BY PUINAMUDT FOR DEBATES INDÍGENAS
Oil exploitation in the region of Loreto has affected the environment, the roles of the ecosystems, health, and the ways of life of indigenous communities. The Quechua, Achuar, Urarina, Kichwa, and Kukama peoples, together known as the Puinamudt organization, are fighting for their right to prior consultation to be respected in view of the forthcoming concession for an operator to exploit Lot 192.
According to the 2007 Census, there are more than 4 million Indigenous people in Peru: 83.11% are Quechua, 10.92% Aymara, 1.67% Asháninka and 4.31% belong to other Amazonian Indigenous peoples. The Indigenous or Native Peoples Database (BDPI) reports the existence of 55 Indigenous peoples in the country speaking 47 Indigenous languages.
On the other hand, 21% of the national territory is covered by mining concessions, and these overlap with 47.8% of the territory of the peasant communities. Furthermore, 75% of the Peruvian Amazon is covered by hydrocarbon concessions. The overlapping of rights to communal territories, the enormous pressure from the extractive industries, the absence of land-use planning and the lack of any effective implementation of prior consultation are all exacerbating territorial and socio-environmental conflicts in Peru, a country that has signed and ratified Convention 169 of the International Labour Organization (ILO) and which voted in favour of the UN Declaration on the Rights of Indigenous Peoples in 2007.

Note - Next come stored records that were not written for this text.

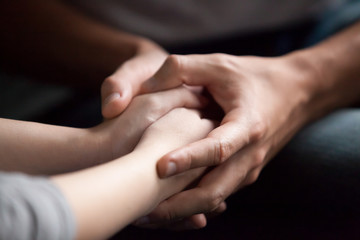 Male hands holding female, caring loving understanding man showing comfort and empathy, giving...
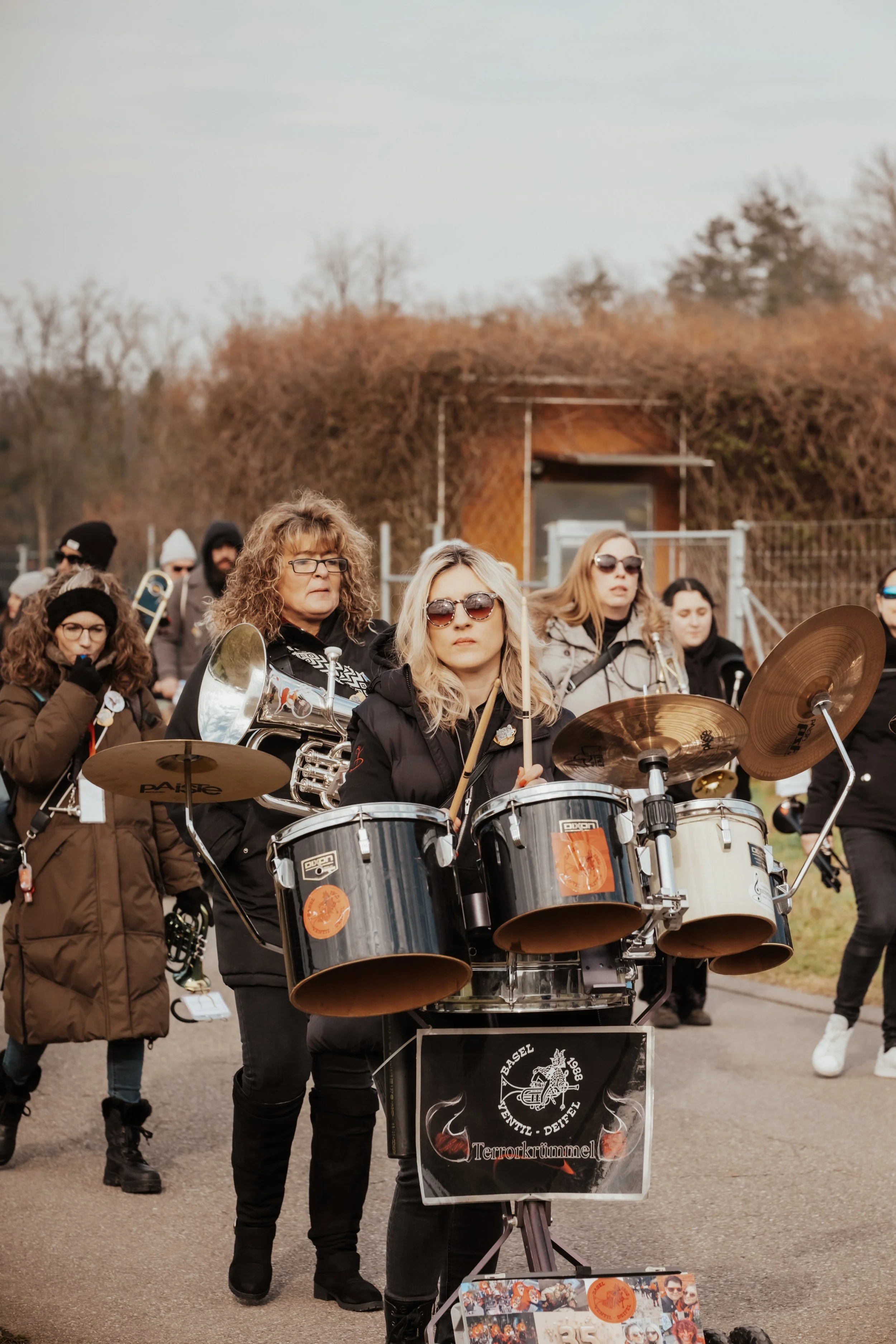 Eine Gruppe von Menschen, darunter eine Frau, die Schlagzeug spielt, bei einer outdoor Parade oder Veranstaltung.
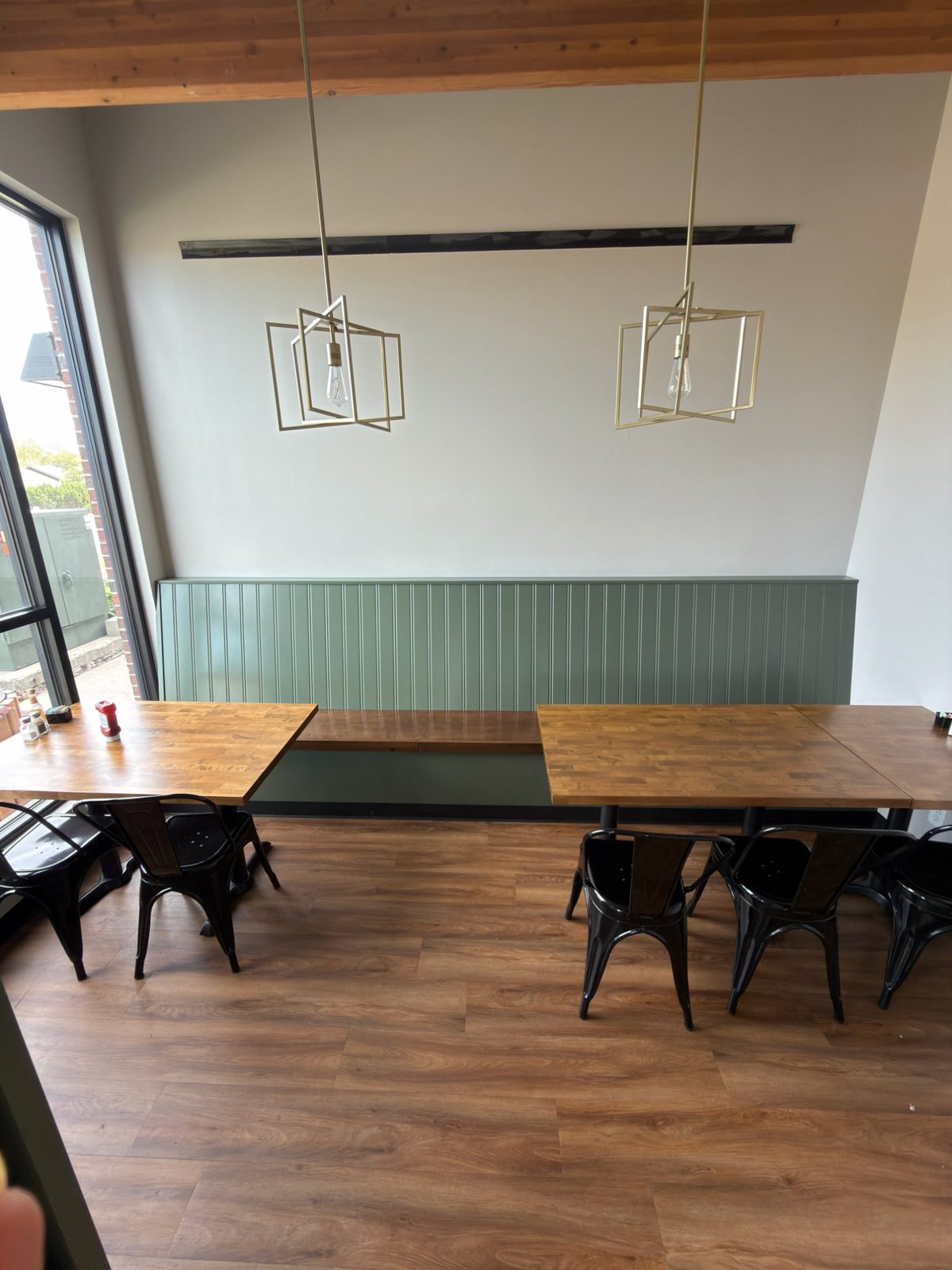 The back room at Crossings Kitchen — butcher-block tables, a green banquette, brass pendant lights, and a big window
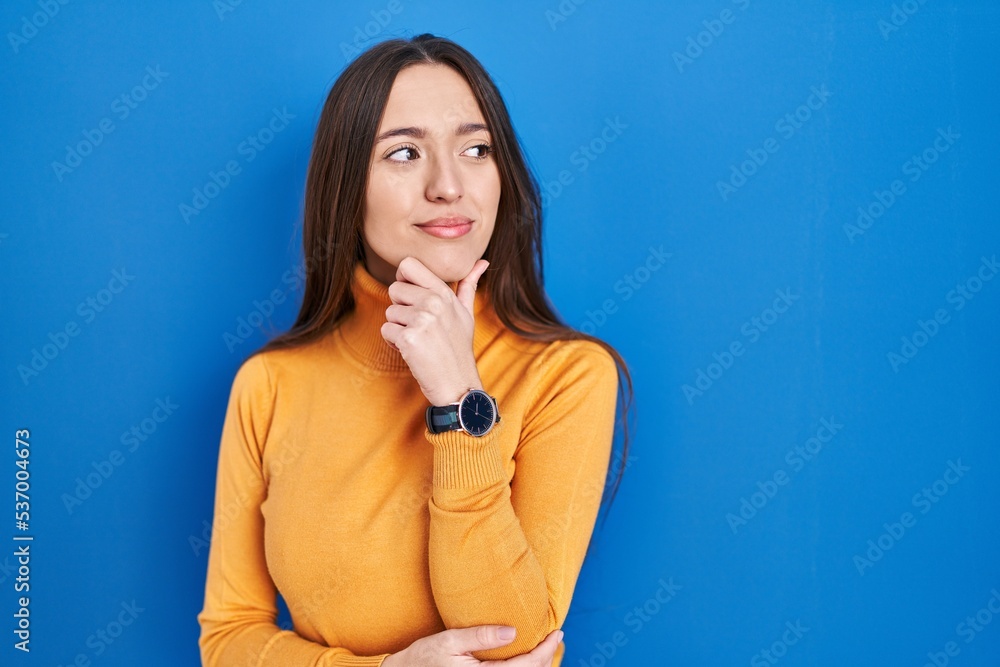 Poster young brunette woman standing over blue background looking confident at the camera smiling with cros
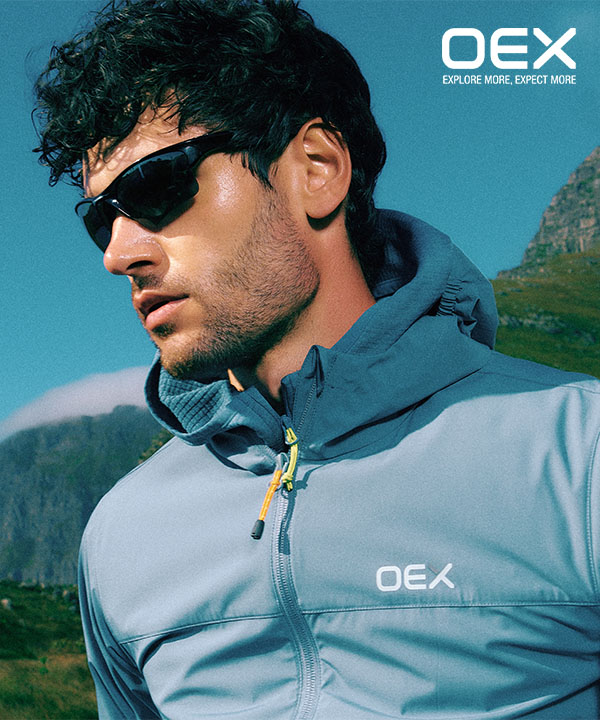 Man wearing OEX jacket and sunglasses with mountains in the background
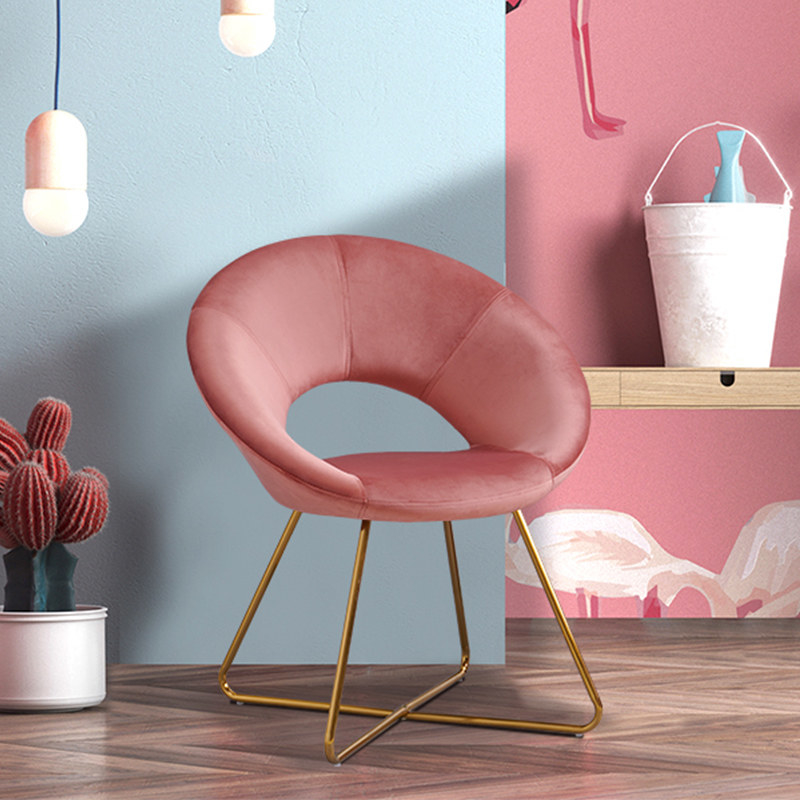 An image of a pink accent chair with metal legs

Prior consultation for lot 192 in 2015. Photo: PUINAMUDT.
In Peru, the Bagua Massacre prompted the adoption of the ILO Convention 169 in response to local demands and international pressure. However, far from respecting the communities’ decision, this has led to simulations of consultations that prevent the Indigenous Peoples from exercising their right to autonomy and self-determination. The consultation process, as outlined by the State, has become a threat.